▶ _What is being asked_
Repeat the full listing, word for word.

▶ _Given information_
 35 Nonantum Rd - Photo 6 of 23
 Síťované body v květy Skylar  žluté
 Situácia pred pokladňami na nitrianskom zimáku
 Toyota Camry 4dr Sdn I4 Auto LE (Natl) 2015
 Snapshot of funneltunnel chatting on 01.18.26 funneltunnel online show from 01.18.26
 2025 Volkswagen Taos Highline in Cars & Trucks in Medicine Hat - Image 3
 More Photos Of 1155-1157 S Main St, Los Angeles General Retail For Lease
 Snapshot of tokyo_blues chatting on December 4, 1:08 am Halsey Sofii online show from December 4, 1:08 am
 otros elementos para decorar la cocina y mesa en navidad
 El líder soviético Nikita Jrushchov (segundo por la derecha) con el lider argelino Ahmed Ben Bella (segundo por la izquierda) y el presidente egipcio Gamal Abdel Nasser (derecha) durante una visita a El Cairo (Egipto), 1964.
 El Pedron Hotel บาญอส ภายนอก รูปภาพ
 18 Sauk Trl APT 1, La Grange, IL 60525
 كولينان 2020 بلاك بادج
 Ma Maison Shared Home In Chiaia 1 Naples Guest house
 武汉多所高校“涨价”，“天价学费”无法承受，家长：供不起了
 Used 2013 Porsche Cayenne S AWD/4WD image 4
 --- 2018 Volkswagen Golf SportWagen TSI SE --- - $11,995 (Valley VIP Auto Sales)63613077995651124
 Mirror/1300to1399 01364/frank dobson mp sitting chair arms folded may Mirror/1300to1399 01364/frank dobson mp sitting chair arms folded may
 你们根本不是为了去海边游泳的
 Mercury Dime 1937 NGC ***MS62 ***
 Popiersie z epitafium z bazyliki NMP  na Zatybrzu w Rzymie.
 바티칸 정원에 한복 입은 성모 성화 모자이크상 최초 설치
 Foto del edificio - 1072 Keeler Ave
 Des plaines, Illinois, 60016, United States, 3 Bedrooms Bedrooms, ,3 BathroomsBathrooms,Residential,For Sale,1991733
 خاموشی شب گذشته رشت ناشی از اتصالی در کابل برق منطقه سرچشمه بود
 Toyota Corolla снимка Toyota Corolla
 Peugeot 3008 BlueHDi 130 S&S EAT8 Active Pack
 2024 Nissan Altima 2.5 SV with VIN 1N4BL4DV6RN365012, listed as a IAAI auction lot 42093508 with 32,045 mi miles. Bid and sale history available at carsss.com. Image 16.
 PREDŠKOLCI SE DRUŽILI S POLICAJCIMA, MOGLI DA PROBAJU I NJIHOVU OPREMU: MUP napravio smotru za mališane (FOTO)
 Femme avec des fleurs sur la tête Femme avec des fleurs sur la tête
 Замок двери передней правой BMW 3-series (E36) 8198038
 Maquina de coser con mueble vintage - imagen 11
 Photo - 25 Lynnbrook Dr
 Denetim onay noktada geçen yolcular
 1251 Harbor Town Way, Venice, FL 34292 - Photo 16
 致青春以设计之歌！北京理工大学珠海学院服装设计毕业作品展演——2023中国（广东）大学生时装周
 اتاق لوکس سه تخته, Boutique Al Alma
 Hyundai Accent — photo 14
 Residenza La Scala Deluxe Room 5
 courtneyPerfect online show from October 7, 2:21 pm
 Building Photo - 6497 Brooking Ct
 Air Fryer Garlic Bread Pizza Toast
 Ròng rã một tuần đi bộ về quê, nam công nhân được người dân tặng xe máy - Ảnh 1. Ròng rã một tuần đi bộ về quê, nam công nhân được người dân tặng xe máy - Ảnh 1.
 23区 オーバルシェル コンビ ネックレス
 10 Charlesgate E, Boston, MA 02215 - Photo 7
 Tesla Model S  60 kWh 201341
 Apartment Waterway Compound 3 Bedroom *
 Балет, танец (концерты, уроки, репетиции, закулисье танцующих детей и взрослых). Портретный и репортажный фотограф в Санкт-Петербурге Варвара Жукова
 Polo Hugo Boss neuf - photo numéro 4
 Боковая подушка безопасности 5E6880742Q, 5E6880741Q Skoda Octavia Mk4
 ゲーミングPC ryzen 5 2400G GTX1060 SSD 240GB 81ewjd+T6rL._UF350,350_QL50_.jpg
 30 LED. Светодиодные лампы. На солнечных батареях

▶ _Solution_
 35 Nonantum Rd - Photo 6 of 23
 Síťované body v květy Skylar  žluté
 Situácia pred pokladňami na nitrianskom zimáku
 Toyota Camry 4dr Sdn I4 Auto LE (Natl) 2015
 Snapshot of funneltunnel chatting on 01.18.26 funneltunnel online show from 01.18.26
 2025 Volkswagen Taos Highline in Cars & Trucks in Medicine Hat - Image 3
 More Photos Of 1155-1157 S Main St, Los Angeles General Retail For Lease
 Snapshot of tokyo_blues chatting on December 4, 1:08 am Halsey Sofii online show from December 4, 1:08 am
 otros elementos para decorar la cocina y mesa en navidad
 El líder soviético Nikita Jrushchov (segundo por la derecha) con el lider argelino Ahmed Ben Bella (segundo por la izquierda) y el presidente egipcio Gamal Abdel Nasser (derecha) durante una visita a El Cairo (Egipto), 1964.
 El Pedron Hotel บาญอส ภายนอก รูปภาพ
 18 Sauk Trl APT 1, La Grange, IL 60525
 كولينان 2020 بلاك بادج
 Ma Maison Shared Home In Chiaia 1 Naples Guest house
 武汉多所高校“涨价”，“天价学费”无法承受，家长：供不起了
 Used 2013 Porsche Cayenne S AWD/4WD image 4
 --- 2018 Volkswagen Golf SportWagen TSI SE --- - $11,995 (Valley VIP Auto Sales)63613077995651124
 Mirror/1300to1399 01364/frank dobson mp sitting chair arms folded may Mirror/1300to1399 01364/frank dobson mp sitting chair arms folded may
 你们根本不是为了去海边游泳的
 Mercury Dime 1937 NGC ***MS62 ***
 Popiersie z epitafium z bazyliki NMP  na Zatybrzu w Rzymie.
 바티칸 정원에 한복 입은 성모 성화 모자이크상 최초 설치
 Foto del edificio - 1072 Keeler Ave
 Des plaines, Illinois, 60016, United States, 3 Bedrooms Bedrooms, ,3 BathroomsBathrooms,Residential,For Sale,1991733
 خاموشی شب گذشته رشت ناشی از اتصالی در کابل برق منطقه سرچشمه بود
 Toyota Corolla снимка Toyota Corolla
 Peugeot 3008 BlueHDi 130 S&S EAT8 Active Pack
 2024 Nissan Altima 2.5 SV with VIN 1N4BL4DV6RN365012, listed as a IAAI auction lot 42093508 with 32,045 mi miles. Bid and sale history available at carsss.com. Image 16.
 PREDŠKOLCI SE DRUŽILI S POLICAJCIMA, MOGLI DA PROBAJU I NJIHOVU OPREMU: MUP napravio smotru za mališane (FOTO)
 Femme avec des fleurs sur la tête Femme avec des fleurs sur la tête
 Замок двери передней правой BMW 3-series (E36) 8198038
 Maquina de coser con mueble vintage - imagen 11
 Photo - 25 Lynnbrook Dr
 Denetim onay noktada geçen yolcular
 1251 Harbor Town Way, Venice, FL 34292 - Photo 16
 致青春以设计之歌！北京理工大学珠海学院服装设计毕业作品展演——2023中国（广东）大学生时装周
 اتاق لوکس سه تخته, Boutique Al Alma
 Hyundai Accent — photo 14
 Residenza La Scala Deluxe Room 5
 courtneyPerfect online show from October 7, 2:21 pm
 Building Photo - 6497 Brooking Ct
 Air Fryer Garlic Bread Pizza Toast
 Ròng rã một tuần đi bộ về quê, nam công nhân được người dân tặng xe máy - Ảnh 1. Ròng rã một tuần đi bộ về quê, nam công nhân được người dân tặng xe máy - Ảnh 1.
 23区 オーバルシェル コンビ ネックレス
 10 Charlesgate E, Boston, MA 02215 - Photo 7
 Tesla Model S  60 kWh 201341
 Apartment Waterway Compound 3 Bedroom *
 Балет, танец (концерты, уроки, репетиции, закулисье танцующих детей и взрослых). Портретный и репортажный фотограф в Санкт-Петербурге Варвара Жукова
 Polo Hugo Boss neuf - photo numéro 4
 Боковая подушка безопасности 5E6880742Q, 5E6880741Q Skoda Octavia Mk4
 ゲーミングPC ryzen 5 2400G GTX1060 SSD 240GB 81ewjd+T6rL._UF350,350_QL50_.jpg
 30 LED. Светодиодные лампы. На солнечных батареях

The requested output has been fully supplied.